Collected data entries:
★ ★ ★ ★

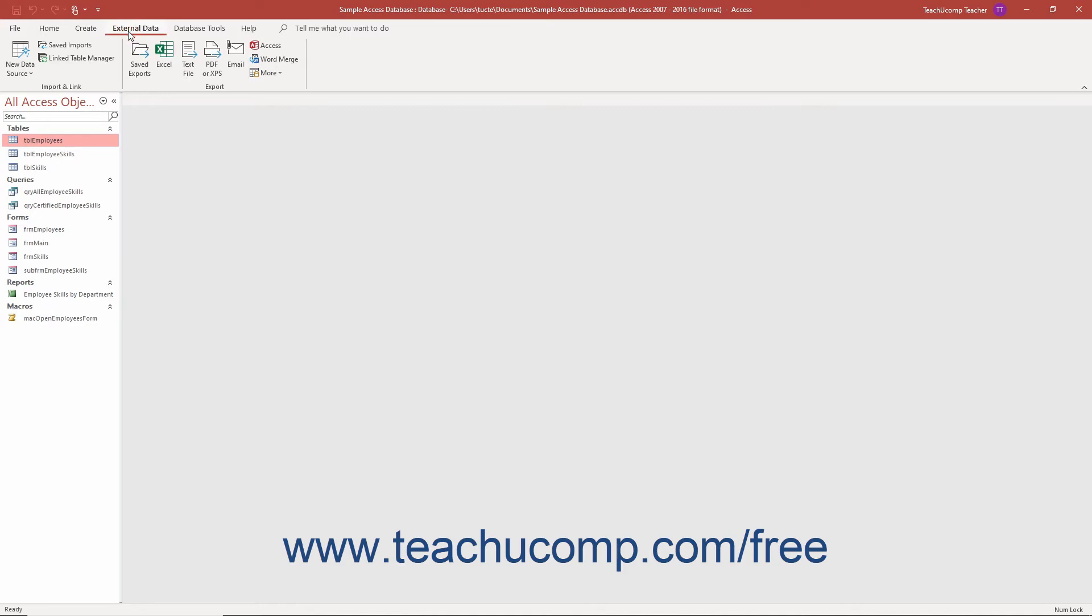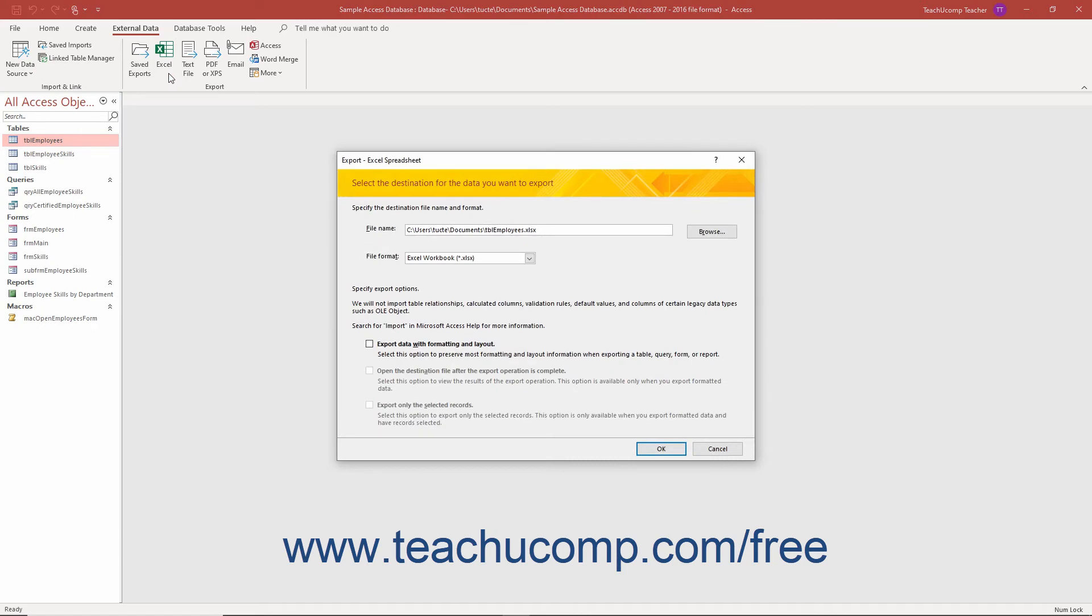Click the external data tab in the ribbon. In the export button group, click the button that shows the file format to which to export the selected database object to open the export wizard for the type of export you chose.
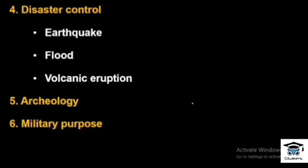Remote sensing is also used for disaster control and disaster management.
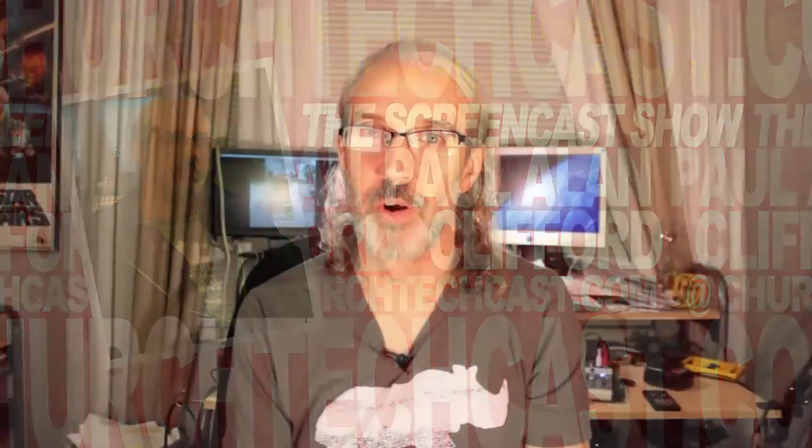Hi, and welcome again to another episode of the ChurchTechCast.com screencast show. This is the show where every week I help you use software that we use here in the church. My name is Paul Allen Clifford. I'm your host. I'd love for you to ask your questions, which I answer every Friday on the ChurchTechCast.com Q&A show. Just leave those below the video.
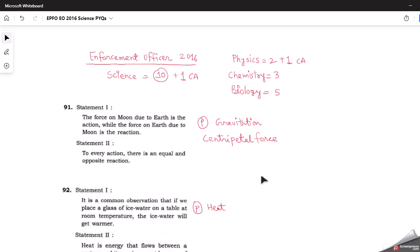Hello friends, welcome back to the channel. I hope you are preparing well for the second July EPFO examination. Today we are back with another PYQ series, discussing the science questions of the Enforcement Officer 2016 question paper. From the science section there were total 10 questions and one from current affairs, so 11 in all. Biology had five questions, chemistry had three, physics had two, and one from current affairs.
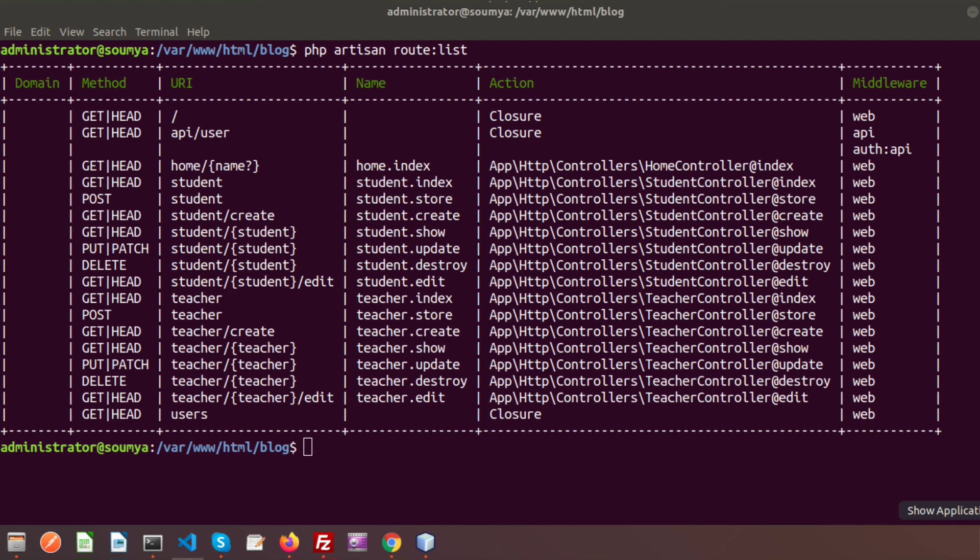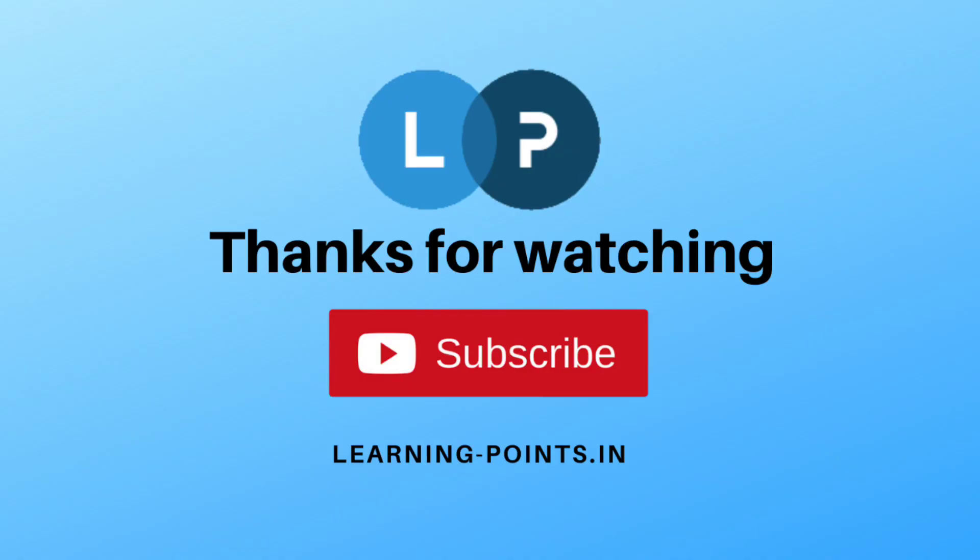Checking the route list again, we can see all the teacher and student routes are registered. That's all about the Laravel controller. There are some new changes — beginners can learn from scratch, but if you already used an older version of Laravel you should update your code to the new version. Please comment if you have any queries. If you liked this video, please like and subscribe. Next I will discuss about Laravel views — thanks for watching.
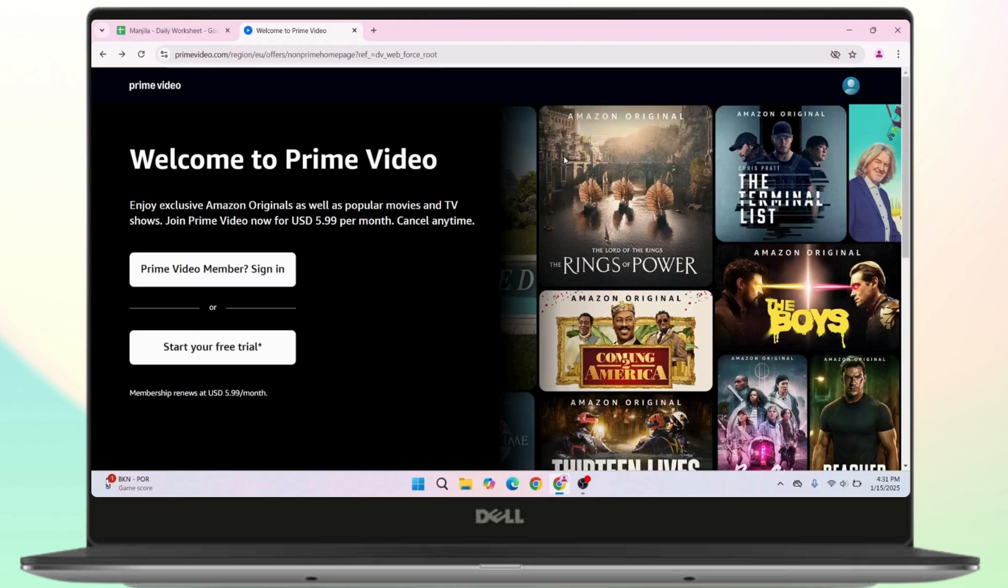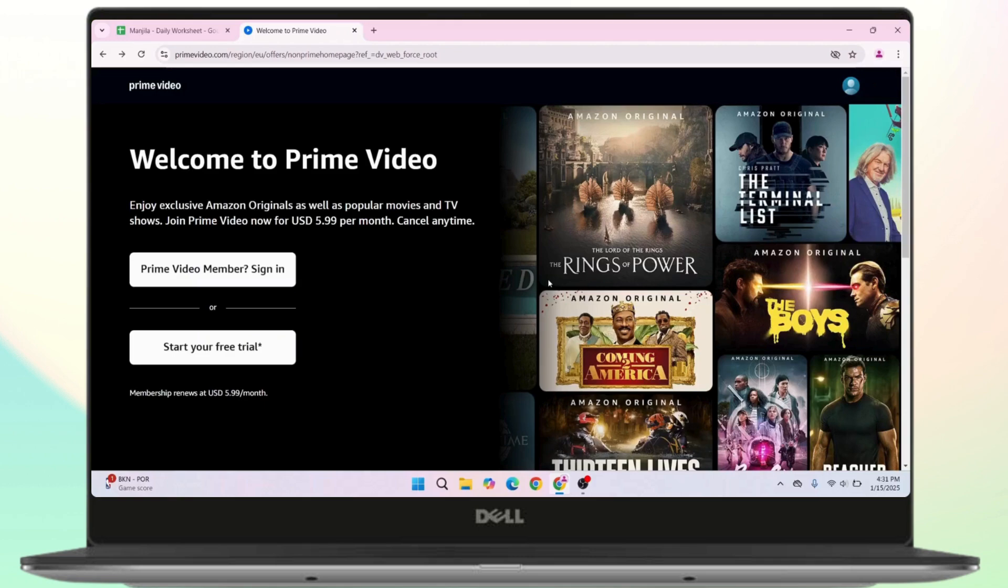You will see an option like 1.0x that is the normal speed, or you can increase the speed by selecting 1.25x, 1.5x, and 2.0x which are available. So you can select your desired speed in order to increase the playback speed.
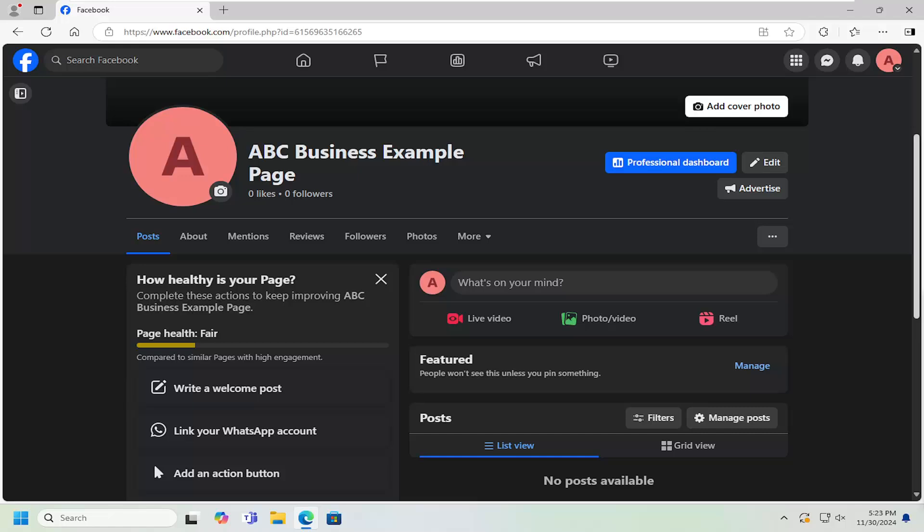In today's tutorial, I'm going to show you guys how to add service areas to your Facebook business page. So this should hopefully be a pretty straightforward process. And without further ado, let's go ahead and jump right into it.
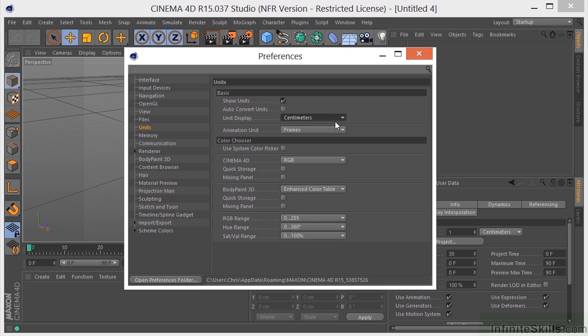So I guess the lesson there is if you're going to make a change here, be sure and realize it's global and it's for good until you come back and you change it again.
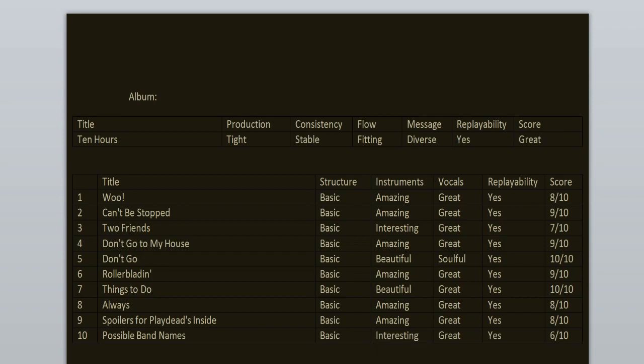To sum up the album, the consistency is stable and the flow is fitting. Replayability? Yeah, it's a great album. I enjoyed it from beginning to the end. The highlights here are Things to Do, Don't Go, Can't Be Stopped, Don't Go to My House, Woo, Always, and Spoilers for Playdead's Inside.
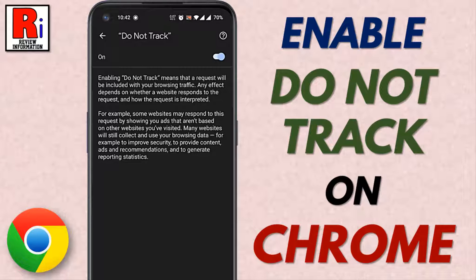Hello viewers and welcome to review information. In this video I will show you how to enable the do not track feature on Google Chrome app.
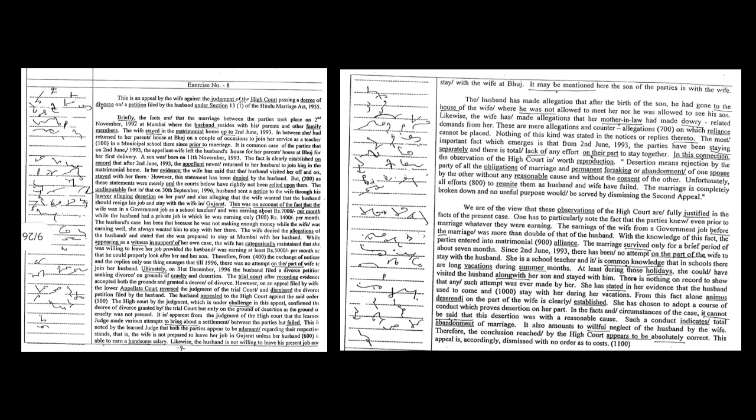Therefore, the conclusion reached by the high court appears to be absolutely correct. This appeal is accordingly dismissed with no order as to cost.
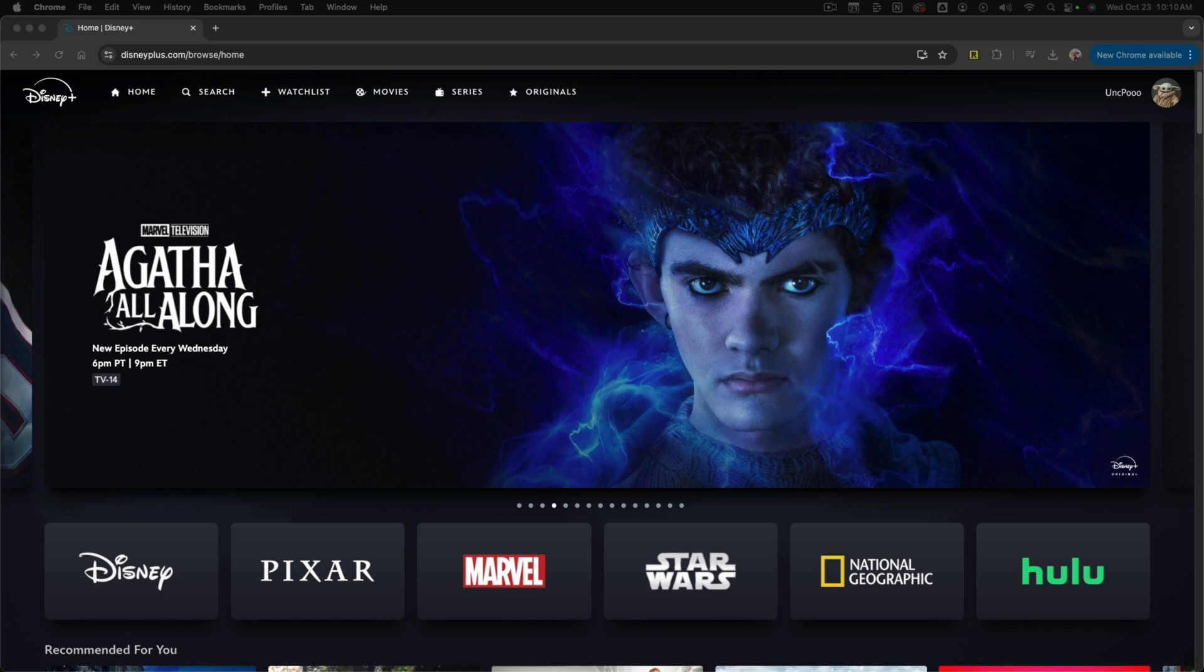In this video, you're going to learn how to turn on or off subtitles or closed captions within Disney+. So here we are within Disney+. This is going to work if you're watching it on your TV, on a computer, or on your mobile device.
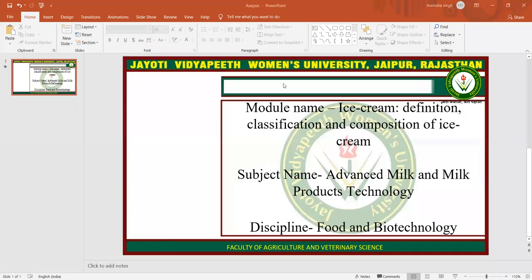Namaste. My name is JVN Manisha Singh. Today I am teaching you the definition, classification and composition of ice cream in advanced milk and milk product technology. Now let's start the topic.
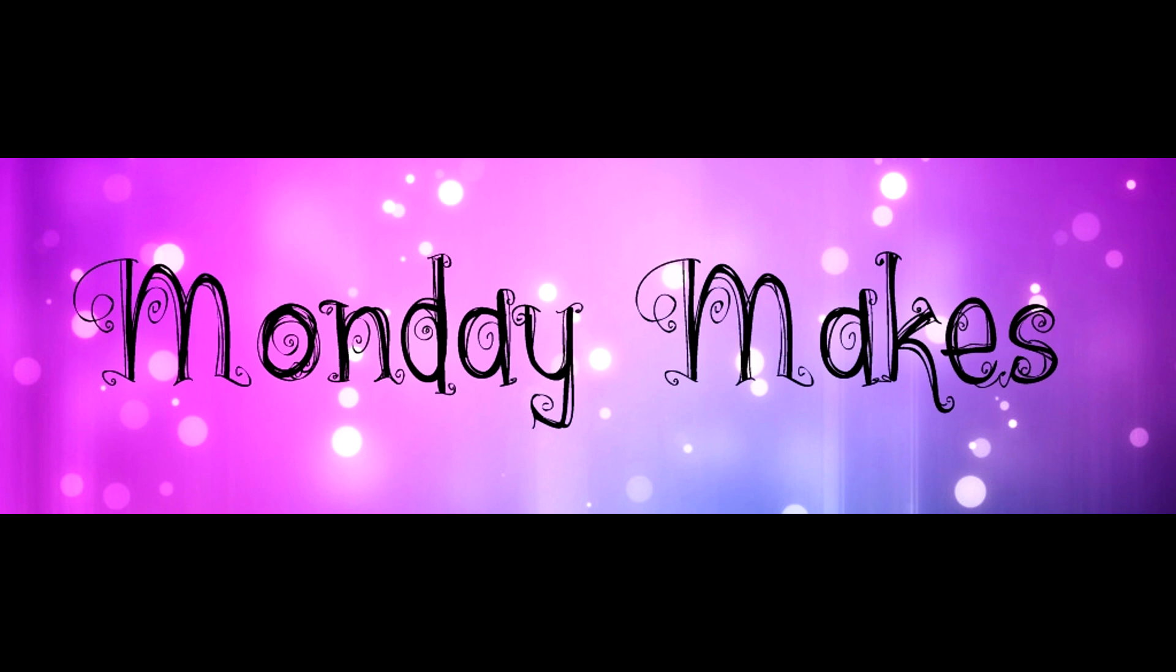Welcome to my weekly Monday Makes video on my blog and YouTube channel. The card designs I share today are simple, fun, and easy to recreate.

★ ★ ★ ★

EXERCISE AIM:
What you return must match the lines above from the one with "Hello viewers and" through the one with "In this video, you're" exactly, with both ends included and the pictures excluded.

RESPONSE TO THE EXERCISE:
Hello viewers and welcome to review information. In this video I will show you how to enable the do not track feature on Google Chrome app.
Therefore, the conclusion reached by the high court appears to be absolutely correct. This appeal is accordingly dismissed with no order as to cost.
In this video, you're going to learn how to turn on or off subtitles or closed captions within Disney+. So here we are within Disney+. This is going to work if you're watching it on your TV, on a computer, or on your mobile device.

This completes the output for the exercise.